I’m so excited for this coming year of superhero TV to bring me Supergirl, and Jessica Jones, and Peggy Carter, and Speedy and Hawkgirl and two different Canaries. And I’m excited for the supporting stories of Iris West and Karen Page and Felicity Smoak and Caitlin Snow and Alex Danvers and Angie Martinelli.
But God, I hope they get to be angry this year. Because these women have been through enough to make them mad as hell. And I don’t want them to have to take it anymore.
Okay, I have a rant brewing. It’s kinda tangential to Canada Day, old TV shows and superhero blockbuster trends. It’s too late to run.
So, this is mostly about Superman. See, lately there’s this weird assumption that you need to rework his character to make him interesting in the movies. You can’t have a guy with godlike powers helping people just cuz, you need to imbue the character with depth, which usually means a trauma, an internal conflict, a space to grow and change and have an arc. Also you have to make him Batman. All of this may or may not be directly blamed on Zack Snyder, Ayn Rand and misconstrued Joseph Campbell, but let’s leave these guys alone, they’ve had enough already.
What we won’t leave alone is that one Canadian buddy cop show from 20 years back which I love to bits and which presents us with a perfectly functional alternative approach to writing a superhero story.
And yes, Due South is lowkey one of the best superhero shows out there.
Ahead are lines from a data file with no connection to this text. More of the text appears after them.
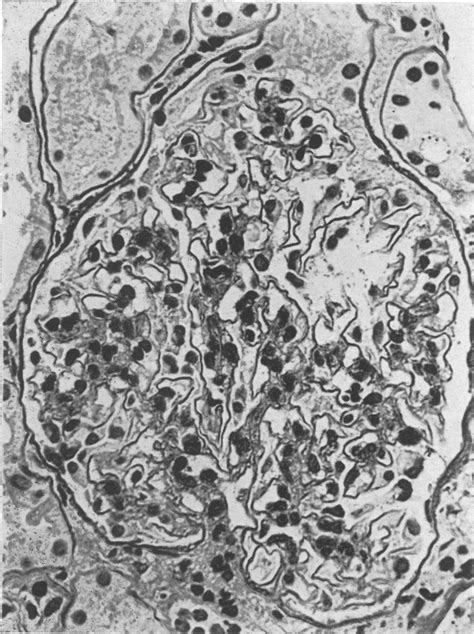 Acute Glomerulonephritis With Few Urinary Abnormalities Report Of Two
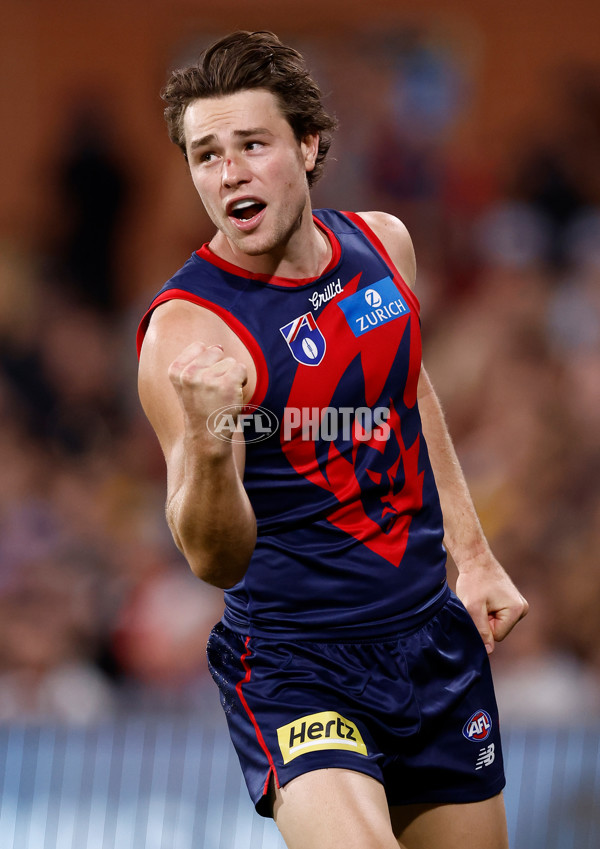 AFL 2025 Round 05 - Melbourne v Essendon - A-58557752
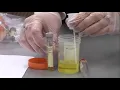Urine Specimen Collection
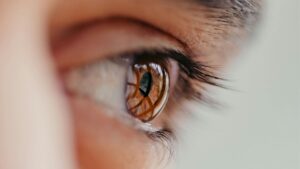 glaucoma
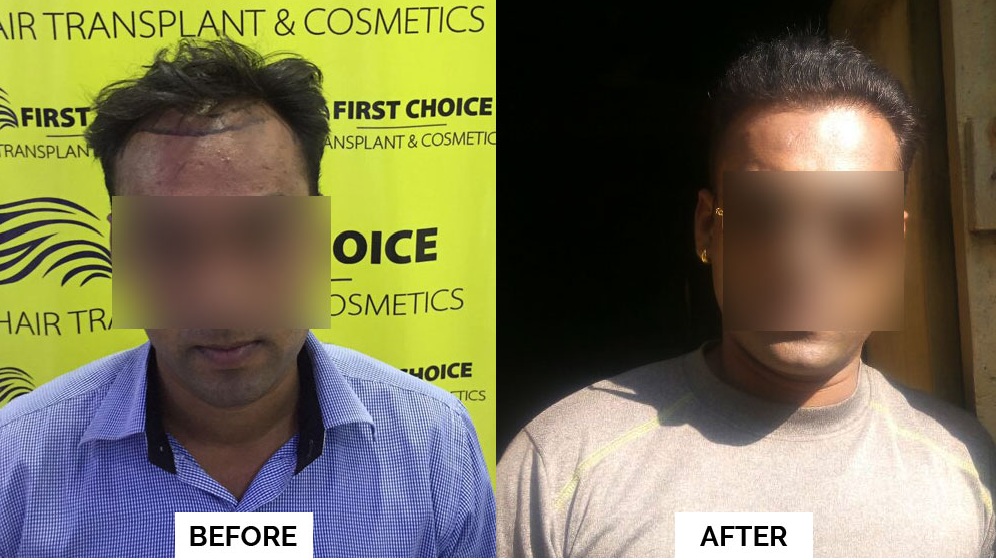 hair transplant Ludhiana result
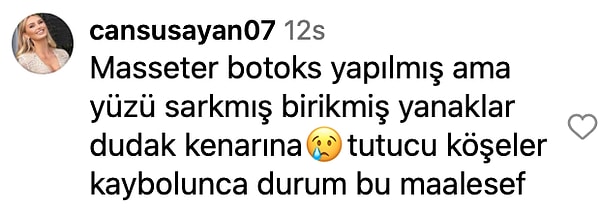 Estetik Kervanına Katıldı: Güzelliğiyle Büyüleyen Esra Bilgiç’in Estetikli Yüzü Doğal Haliyle Karşılaştırıldı! 8 estetik kervanina katildi guzelligiyle buyuleyen esra bilgicin estetikli yuzu dogal haliyle karsilastirildi 7 kkJ7Oilt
Let’s see. We have a stranger in a strange land (of Chicago (shot in Toronto)) story, a set of weird powers that can not be chalked up to our hero simply being Kryptonian Canadian, a bright, ridiculous outfit, a magical pet, a dad from beyond the grave, a strong moral code and no gun, a sidekick and a catchphrase. All of the above is Benton Fraser, the mountie exiled to the barbaric land of Illinois and partnering with a local cop to, well, help people.
The thing is, he has no arc and doesn’t need one.
Writing perfectly stable, goody-two-shoes hero is, of course, kinda boring, but here’s that one simple trick that drives Warner Bros. execs mad. Superman Fraser does not need to grow and change and have his world shattered by some bullshit third act revelation, because it’s not him who does the growing, it’s everyone around.
He has some shady shit in his past which will resurface to Sarah McLachlan’s song, but that is not why he’s great. He’s already this out of nowhere towering beacon of hope who may need to catch up on American slang and customs, but other than that comes pretty much perfect out of the box.
Pictured: the box.
It would have been super easy to set this up as a typical fish-out-of-water-and-into-late-capitalism kinda story, but the show starts to subvert these tropes from day one. Fraser does not even leave the airport yet when there’s a guy asking to borrow some money, and Fraser, this naive Canadian unprepared for tough streets of Chicago, of course, takes his word for it and lends that guy like a hundred bucks.
This is the rare show where that guy actually comes back at the end of the pilot and returns the money, thus proving it’s the naive humanist who was right about people all along, and not the cynical genre cliches. The sheer element of surprise in the mountie being nice to people is what gets to everyone on this show and steers them right every goddamn time.
Like, hey, someone actually believes in me.
This shit gets you a long way.
So, yeah, I just needed to reiterate I love Due South.